*** SUPPLIED INFORMATION ***
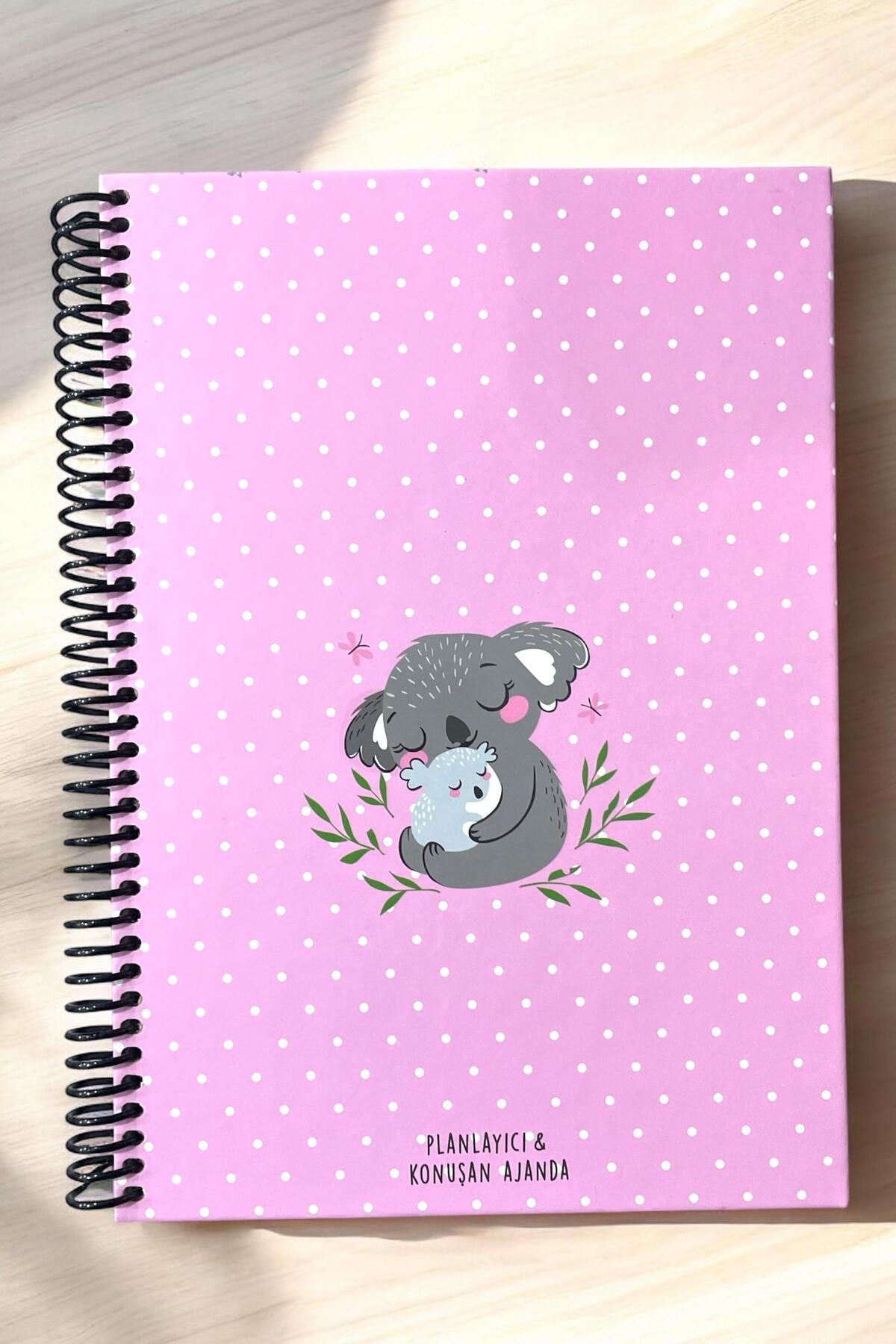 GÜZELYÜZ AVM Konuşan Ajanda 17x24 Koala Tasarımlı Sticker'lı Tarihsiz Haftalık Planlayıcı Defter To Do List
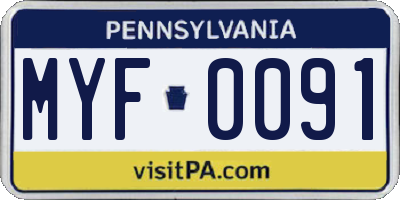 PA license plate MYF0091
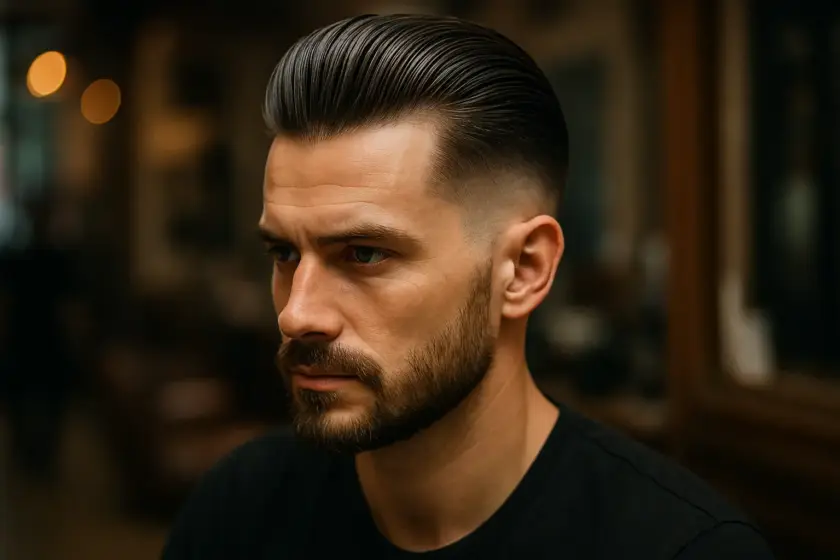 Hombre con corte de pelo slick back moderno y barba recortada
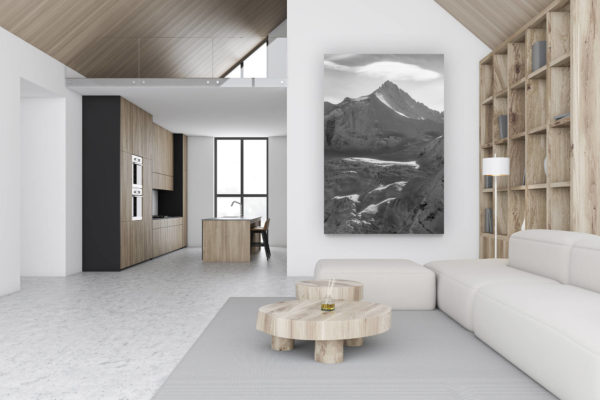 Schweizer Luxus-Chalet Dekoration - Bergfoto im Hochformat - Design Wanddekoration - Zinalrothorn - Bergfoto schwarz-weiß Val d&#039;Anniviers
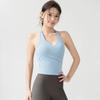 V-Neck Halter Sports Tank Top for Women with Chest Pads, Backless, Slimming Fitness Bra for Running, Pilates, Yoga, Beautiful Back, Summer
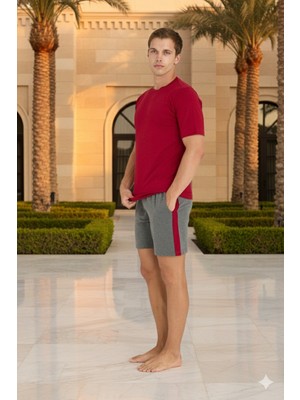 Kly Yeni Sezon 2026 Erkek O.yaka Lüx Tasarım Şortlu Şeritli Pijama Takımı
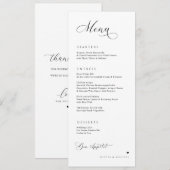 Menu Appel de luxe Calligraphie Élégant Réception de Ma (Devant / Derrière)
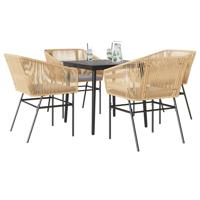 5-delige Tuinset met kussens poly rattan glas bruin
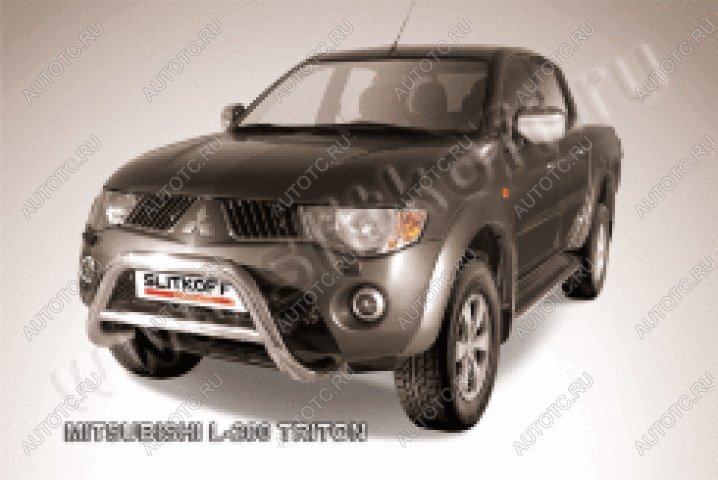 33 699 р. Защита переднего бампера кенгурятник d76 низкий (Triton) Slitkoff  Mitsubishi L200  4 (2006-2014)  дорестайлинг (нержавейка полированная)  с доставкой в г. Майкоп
***
*** SUPPLIED INFORMATION ***
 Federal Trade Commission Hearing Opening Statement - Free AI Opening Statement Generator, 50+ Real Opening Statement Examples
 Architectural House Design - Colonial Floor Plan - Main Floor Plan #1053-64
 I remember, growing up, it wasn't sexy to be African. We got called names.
***
§ **PROBLEM TO SOLVE**: Look through the entries above and quote exactly the lines from the line with "Architectural House Design" to the line with "I remember, growing", counting both of those lines.

§ **ANSWER TO THIS PROBLEM**:
 Architectural House Design - Colonial Floor Plan - Main Floor Plan #1053-64
 I remember, growing up, it wasn't sexy to be African. We got called names.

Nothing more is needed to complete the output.